### REQUIRED ACTION:
When you copy the entries, match them exactly and omit the pictures.

### Stored entries:
=======
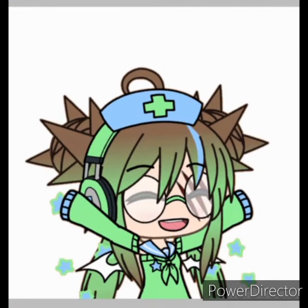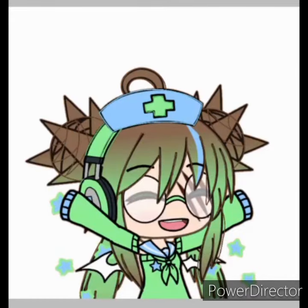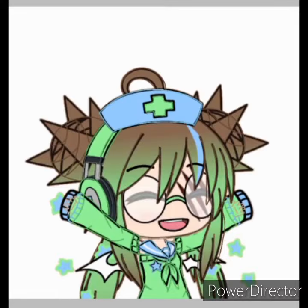Hello everyone, welcome back to another video! Today we are doing a speed draw of a little gacha character — my OC. I recently just changed it, so I wanted to do another one. Right now we're just outlining things, figuring out what to do. I promise you I can actually draw — I was just lazy this one time.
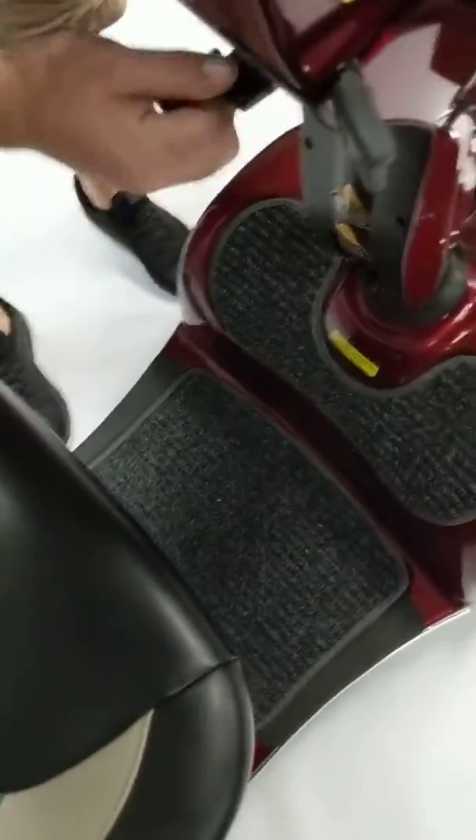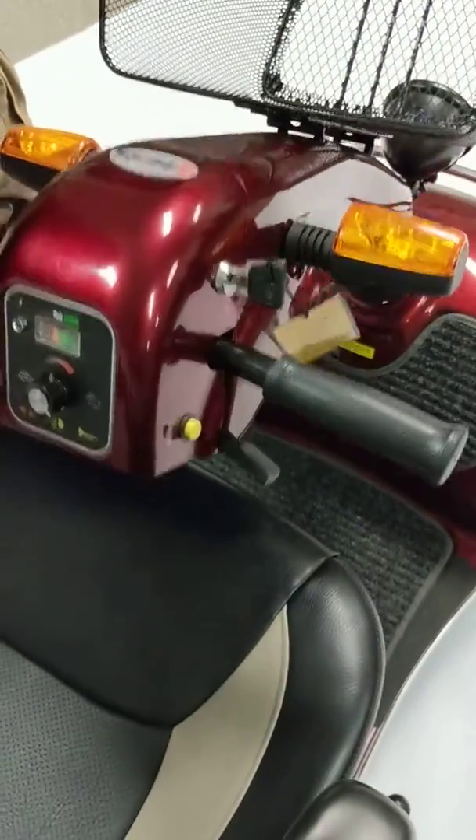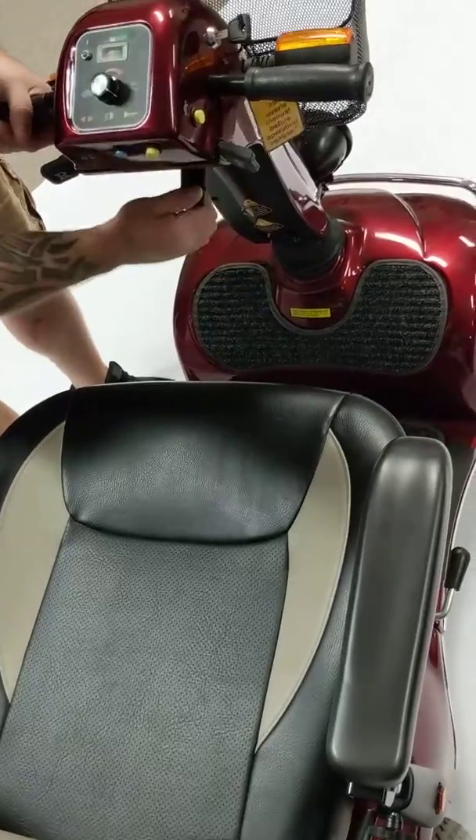To adjust the tiller angle, you can go ahead and pull this lever down and you can adjust using the hydraulic pump on the inside of the tiller here.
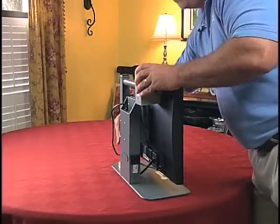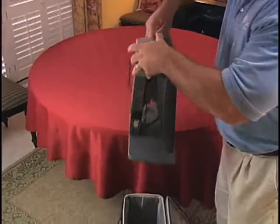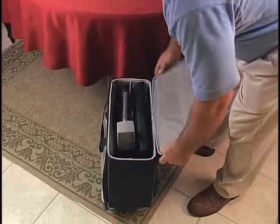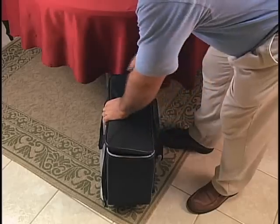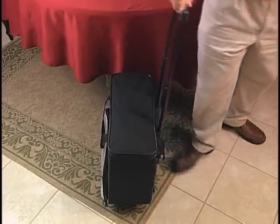When I am ready to move on, I just lower the arm and I have a compact unit that stows in its own rolling case with a telescoping handle. And I'm off to class.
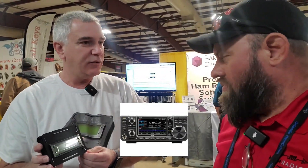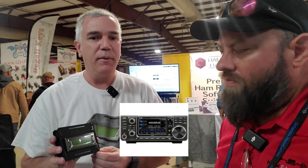Very cool. So you said ICOM radio — that means the 9700? The IC-9700 is the one it works best with, but it will also work with the IC-9100 and some of the older ICOM radios.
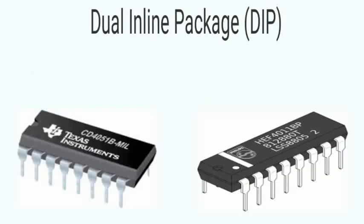The Dual-inline Package (DIP) is the most common through-hole IC package. This IC package has two parallel rows of pins extending perpendicularly out of a plastic or ceramic housing.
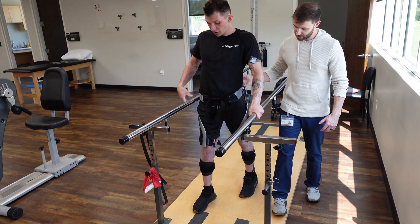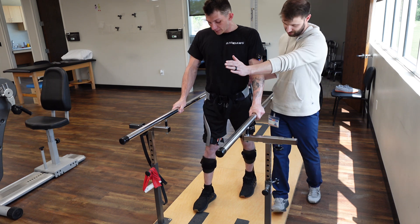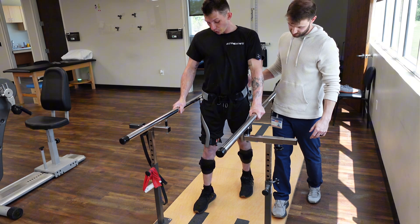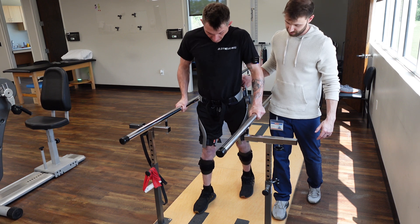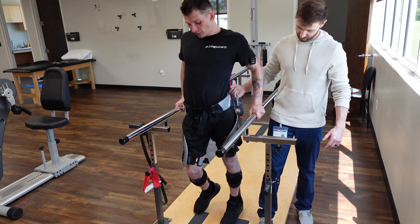That's the money. So where's your target whenever you're leaning? I'm thinking glute all through my heel. Lean forward and pull that left knee to my chest.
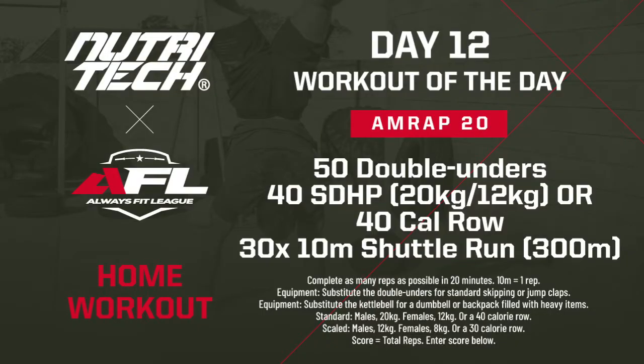We've got to complete as many reps and rounds as possible in 20 minutes of: 50 single unders — if you can do double unders you can, but the level we're programming for is single unders. Then 40 sumo deadlift high pulls, which is a substitution for rowing — if you've got a rower, do 40 calories on the rower; sumo deadlift high pull weights are 20kg and 12kg. Then 30 ten-meter shuttle runs, totaling 300 meters. So we're going 50, 40, 30, as many rounds as possible in 20 minutes.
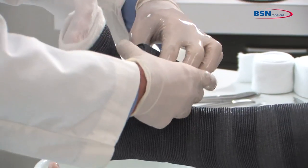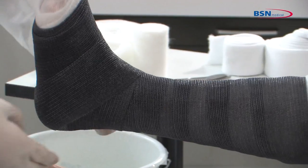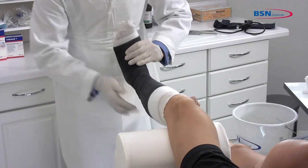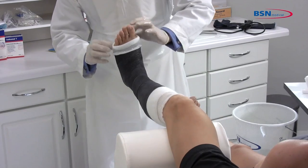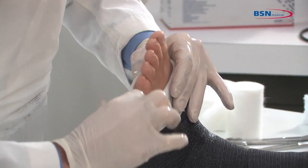Start wrapping the cast at the metatarsals twice and work toward the ankle with 70% overlap. Go around the ankle and lock in the talus. Be sure to have sufficient layers of cast tape in the heel area. Fold back the stockinette at distal and proximal ends for protection of the skin and to create a soft end.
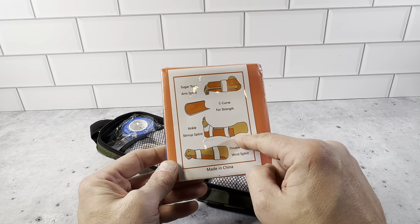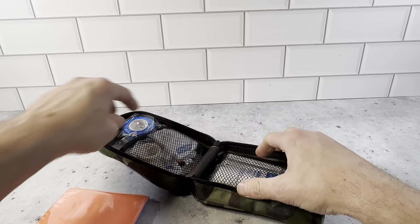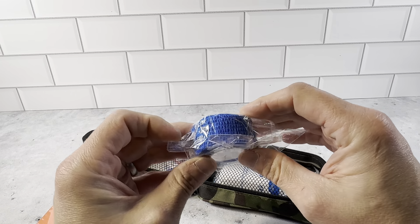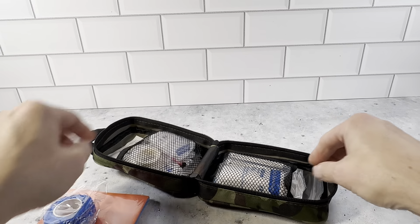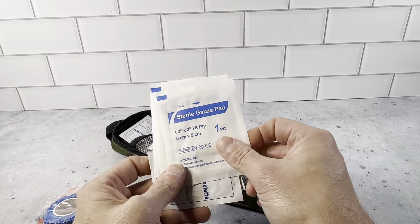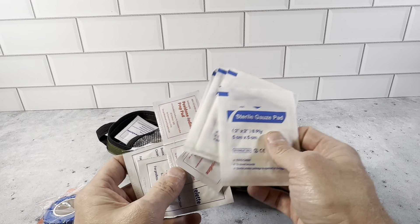Right here you have a splint. You could use it on several different things, but you have the splint. You have the tape right here, the bandages. This is a very inclusive kit — it's got pretty much everything you could think of. It's got the gauze pads right here, and you have several of those.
=======
### ANSWER:
Hello everyone, welcome back to another video! Today we are doing a speed draw of a little gacha character — my OC. I recently just changed it, so I wanted to do another one. Right now we're just outlining things, figuring out what to do. I promise you I can actually draw — I was just lazy this one time.
To adjust the tiller angle, you can go ahead and pull this lever down and you can adjust using the hydraulic pump on the inside of the tiller here.
When I am ready to move on, I just lower the arm and I have a compact unit that stows in its own rolling case with a telescoping handle. And I'm off to class.
Very cool. So you said ICOM radio — that means the 9700? The IC-9700 is the one it works best with, but it will also work with the IC-9100 and some of the older ICOM radios.
The Dual-inline Package (DIP) is the most common through-hole IC package. This IC package has two parallel rows of pins extending perpendicularly out of a plastic or ceramic housing.
That's the money. So where's your target whenever you're leaning? I'm thinking glute all through my heel. Lean forward and pull that left knee to my chest.
We've got to complete as many reps and rounds as possible in 20 minutes of: 50 single unders — if you can do double unders you can, but the level we're programming for is single unders. Then 40 sumo deadlift high pulls, which is a substitution for rowing — if you've got a rower, do 40 calories on the rower; sumo deadlift high pull weights are 20kg and 12kg. Then 30 ten-meter shuttle runs, totaling 300 meters. So we're going 50, 40, 30, as many rounds as possible in 20 minutes.
Start wrapping the cast at the metatarsals twice and work toward the ankle with 70% overlap. Go around the ankle and lock in the talus. Be sure to have sufficient layers of cast tape in the heel area. Fold back the stockinette at distal and proximal ends for protection of the skin and to create a soft end.
Right here you have a splint. You could use it on several different things, but you have the splint. You have the tape right here, the bandages. This is a very inclusive kit — it's got pretty much everything you could think of. It's got the gauze pads right here, and you have several of those.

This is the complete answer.